## Task description
Whenever a line below includes the word "White", copy that line.

## Exercise materials
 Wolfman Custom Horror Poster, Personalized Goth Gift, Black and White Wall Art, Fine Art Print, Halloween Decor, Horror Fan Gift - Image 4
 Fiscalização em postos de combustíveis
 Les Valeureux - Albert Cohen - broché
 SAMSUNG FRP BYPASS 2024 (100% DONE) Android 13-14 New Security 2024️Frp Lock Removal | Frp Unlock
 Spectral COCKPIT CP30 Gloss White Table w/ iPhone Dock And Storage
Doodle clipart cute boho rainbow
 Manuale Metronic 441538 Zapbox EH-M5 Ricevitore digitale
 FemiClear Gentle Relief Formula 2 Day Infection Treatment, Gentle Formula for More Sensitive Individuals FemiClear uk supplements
---
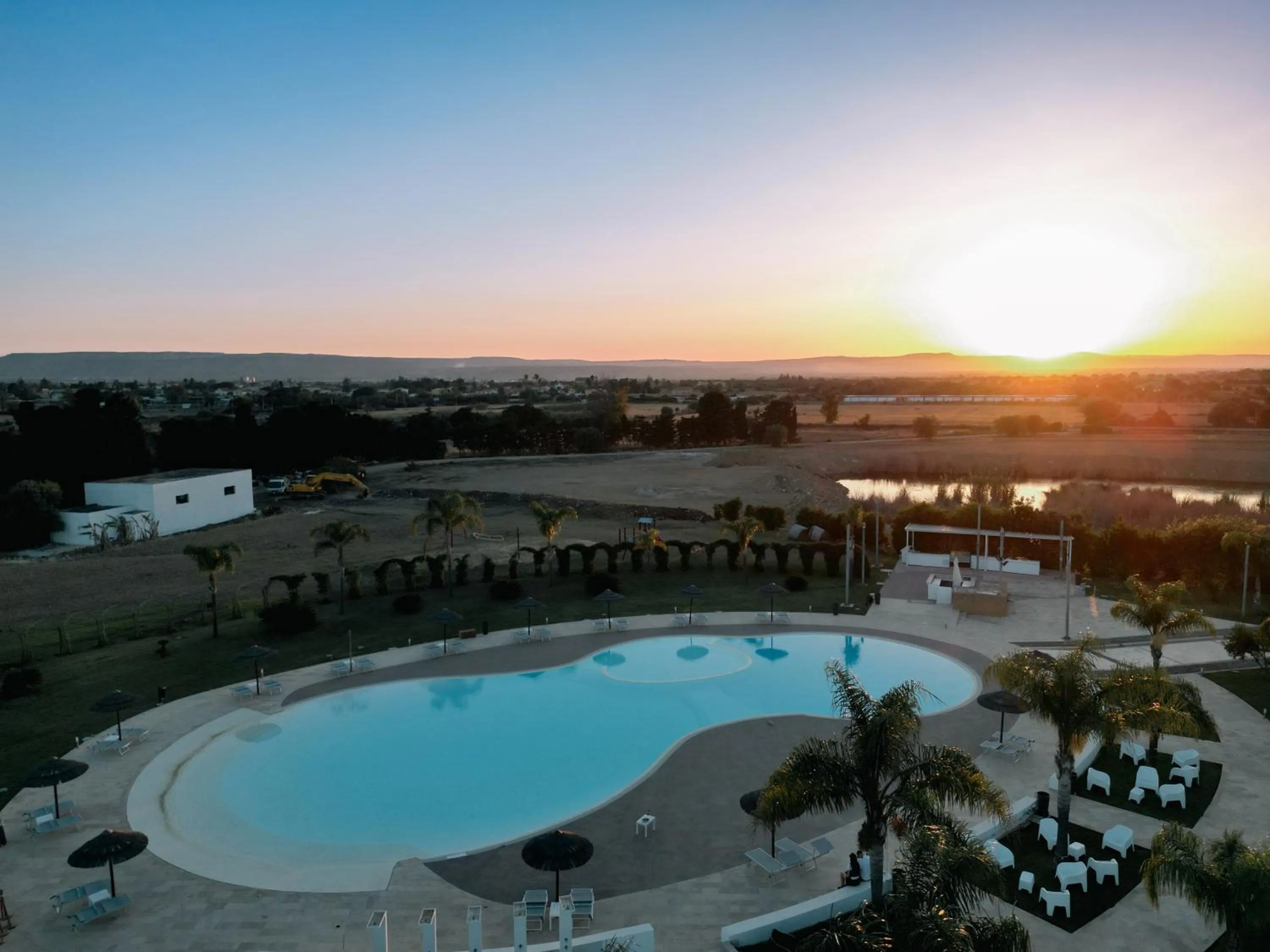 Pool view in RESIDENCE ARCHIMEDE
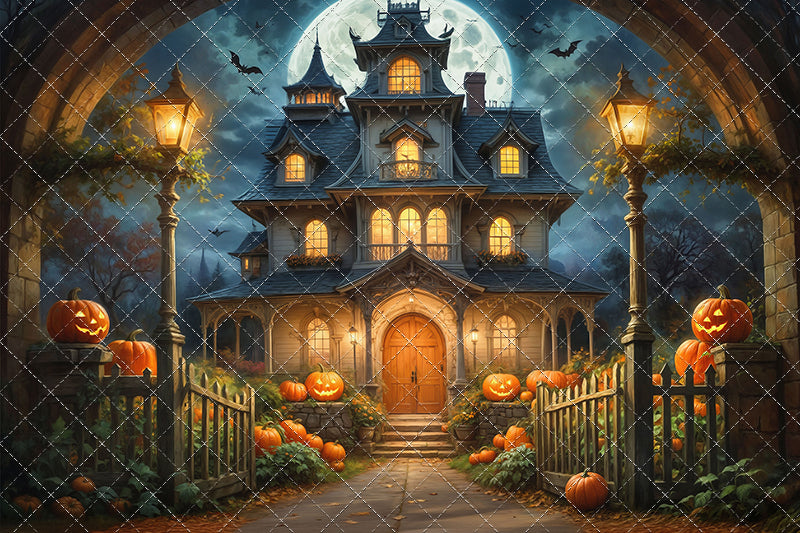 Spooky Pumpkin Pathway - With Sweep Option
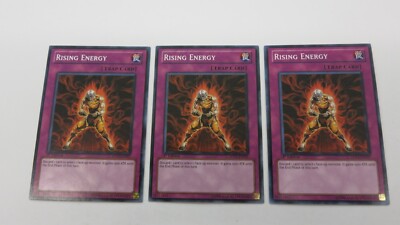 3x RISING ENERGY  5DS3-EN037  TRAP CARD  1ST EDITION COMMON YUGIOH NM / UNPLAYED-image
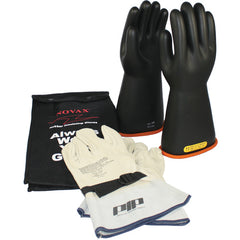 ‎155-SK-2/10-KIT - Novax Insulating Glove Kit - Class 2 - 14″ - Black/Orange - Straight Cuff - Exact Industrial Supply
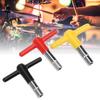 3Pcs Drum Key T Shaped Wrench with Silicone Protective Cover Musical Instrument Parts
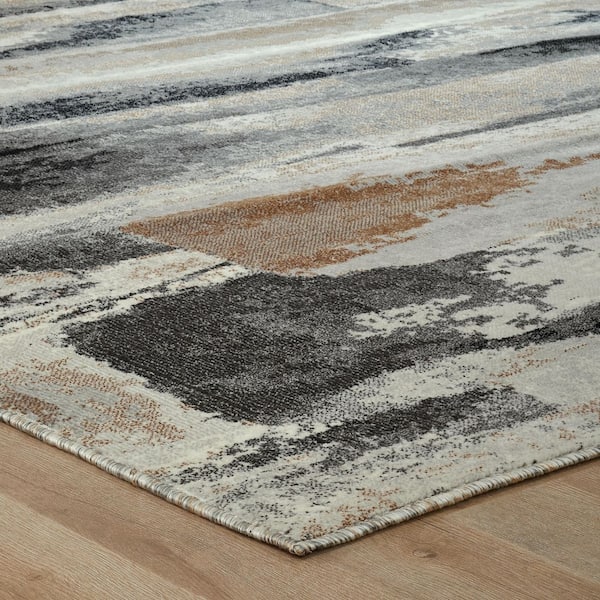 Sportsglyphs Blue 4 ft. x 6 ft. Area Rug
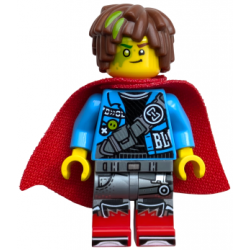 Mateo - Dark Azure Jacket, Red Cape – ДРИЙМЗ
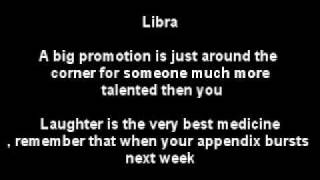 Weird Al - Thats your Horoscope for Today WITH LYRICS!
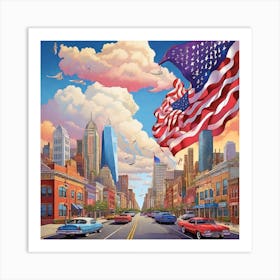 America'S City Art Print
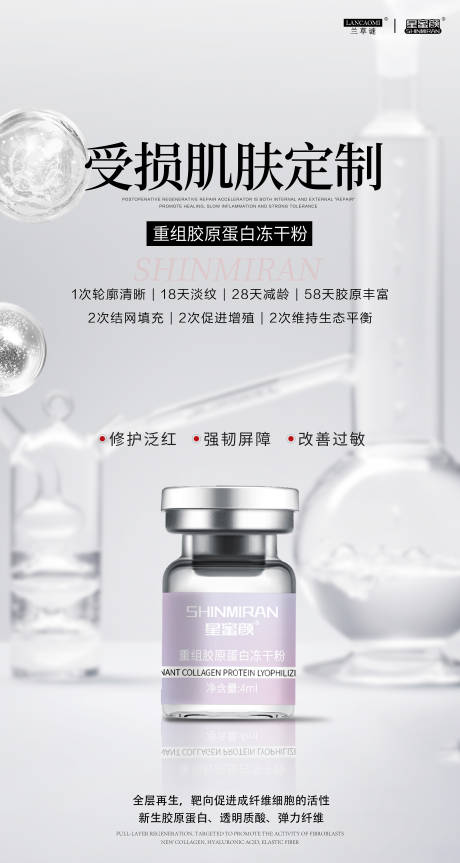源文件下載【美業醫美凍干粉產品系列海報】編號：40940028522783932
...
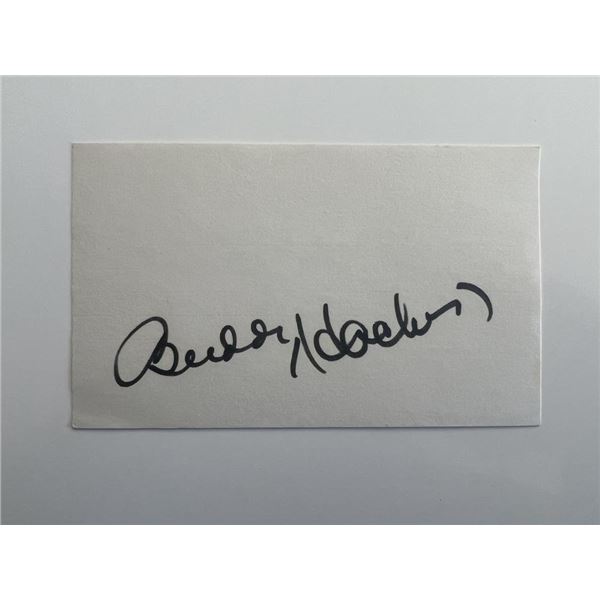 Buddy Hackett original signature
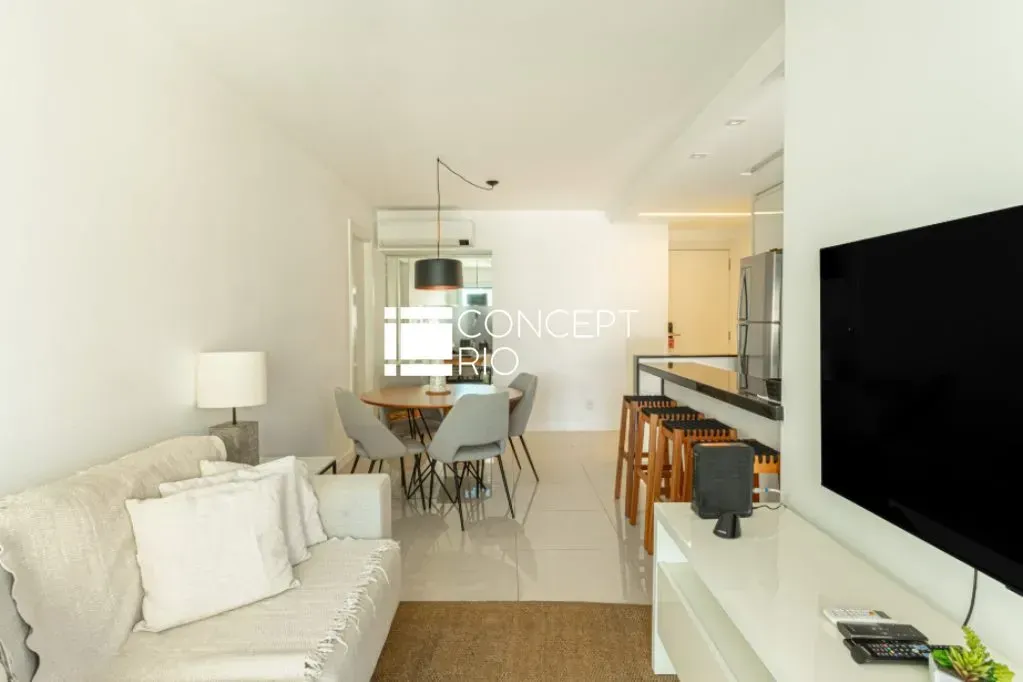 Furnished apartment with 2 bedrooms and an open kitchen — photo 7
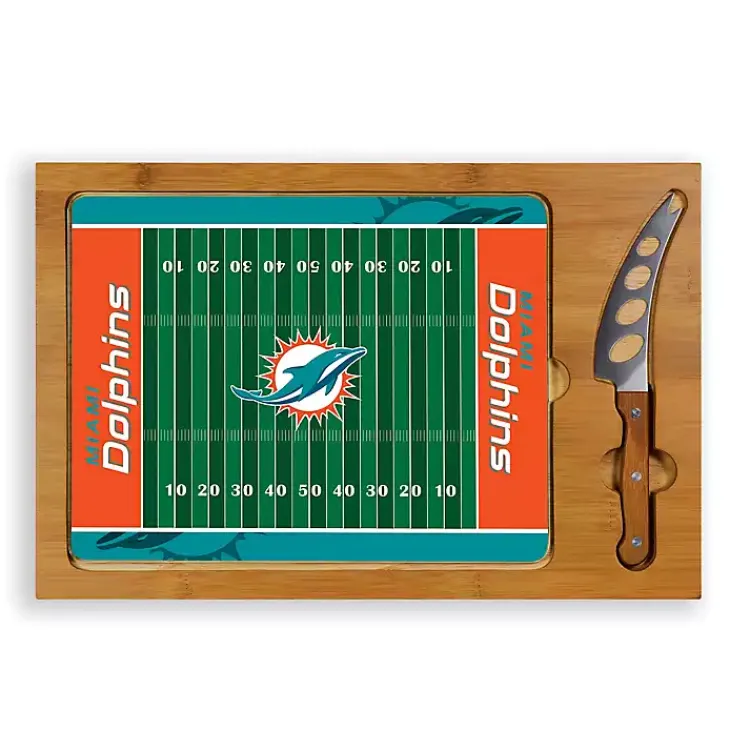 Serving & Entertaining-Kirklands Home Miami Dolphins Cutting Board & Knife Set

## Exercise solution
 Wolfman Custom Horror Poster, Personalized Goth Gift, Black and White Wall Art, Fine Art Print, Halloween Decor, Horror Fan Gift - Image 4
 Spectral COCKPIT CP30 Gloss White Table w/ iPhone Dock And Storage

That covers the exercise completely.